Your task is to determine how many swap operations Ultra-QuickSort needs to perform in order to sort a given input sequence.
Input
The input contains several test cases. Every test case begins with a line that contains a single integer n < 500,000 -- the length of the input sequence. Each of the the following n lines contains a single integer 0 ≤ a[i] ≤ 999,999,999, the i-th input sequence element. Input is terminated by a sequence of length n = 0. This sequence must not be processed.
Output
For every input sequence, your program prints a single line containing an integer number op, the minimum number of swap operations necessary to sort the given input sequence.
Sample Input
5 9 1 0 5 4 3 1 2 3 0
Sample Output
6 0
题意说的很明白了就是简单地求逆序对。当然也可以使用树状数组加离散化来处理,但是这里我们选择更加好写的归并排序来写
归并排序求逆序对原理简介:
假设我们手头有两个已经从小到大排好序的数组,且他们分别是原来的一段大数组的前半段和后半段,现在我们的比较到了x,y位置
假使X>Y则其必然构成一对逆序对,与此同时我所画出的红色的这一段的的数均大于Y,所以逆序对的数量就要加上这一段的长度
而对整个数组都归并排序完毕后最终就可以得到逆序对的和
附带上一个逆序对的模板(大佬小伙伴写的)
int A[100010];//输入的任意序列
int T[100010];//临时空间
long long cnt;
void merge_sort(int *A,int x,int y,int *T)
{
if(y-x>1)//如果序列非空
{ 05
int m=x+(y-x)/2;//如果序列长度为奇数左边序列比右边少一个,如果偶数则一样
int p=x,q=m,i=x;//p,q是当前左右序列第一个元素的位置(最小的那个)

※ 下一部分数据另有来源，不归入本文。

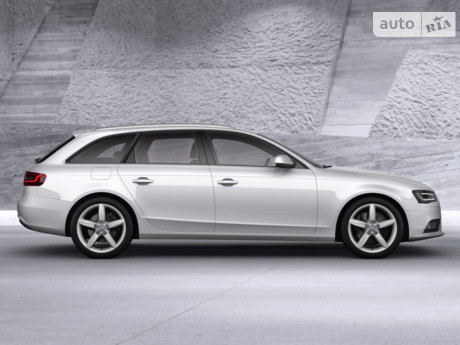 A4 Audi A4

merge_sort(A,x,m,T);//递归排序
merge_sort(A,m,y,T);
while(p<m || q<y)//只要有一个序列非空就继续合并
{
if(q>=y || p<m&&A[p]<=A[q]) T[i++]=A[p++];//如果右边或左边非空且左边第一个元素小与右边第一个,
//就把左边那个加到临时空间里
else
{
T[i++]=A[q++];
cnt+=m-p;// 逆序数
}
}
for(i=x;i<y;i++) A[i]=T[i];//把排序好的T复制回A,A的范围是[x,y)
}
}
AC代码:
#include<algorithm>
#include<iostream>
#include<cstring>
#include<string>
#include<cstdio>
#include<vector>
#include<stack>
#include<cmath>
#include<queue>
#include<set>
#include<map>
#define endl '\n'
#define sc(x) scanf("%lld",&x)
#define md(a,b) a+(b-a)/2
using namespace std;
typedef long long LL;
const int size=5e5+5;
LL arr[size],Temp[size];
LL ans=0;
void MergeSort(int x,int y)
{
if(y-x>1)
{
int m=md(x,y);
int p=x,q=m,i=x;
MergeSort(x,m);
MergeSort(m,y);
while(p<m||q<y)
{
if(q>=y|| p<m&&arr[p]<=arr[q]) Temp[i++]=arr[p++];
else
{
Temp[i++]=arr[q++];
ans+=(m-p);
}
}
for(int i=x;i<y;i++) arr[i]=Temp[i];
}
}
int main()
{
int n;
while(~scanf("%d",&n)&&n)
{
memset(arr,0,sizeof(arr));
memset(Temp,0,sizeof(Temp));
ans=0;
for(int i=0;i<n;i++)
{
sc(arr[i]);
}
MergeSort(0,n);
cout<<ans<<endl;
}
return 0;
}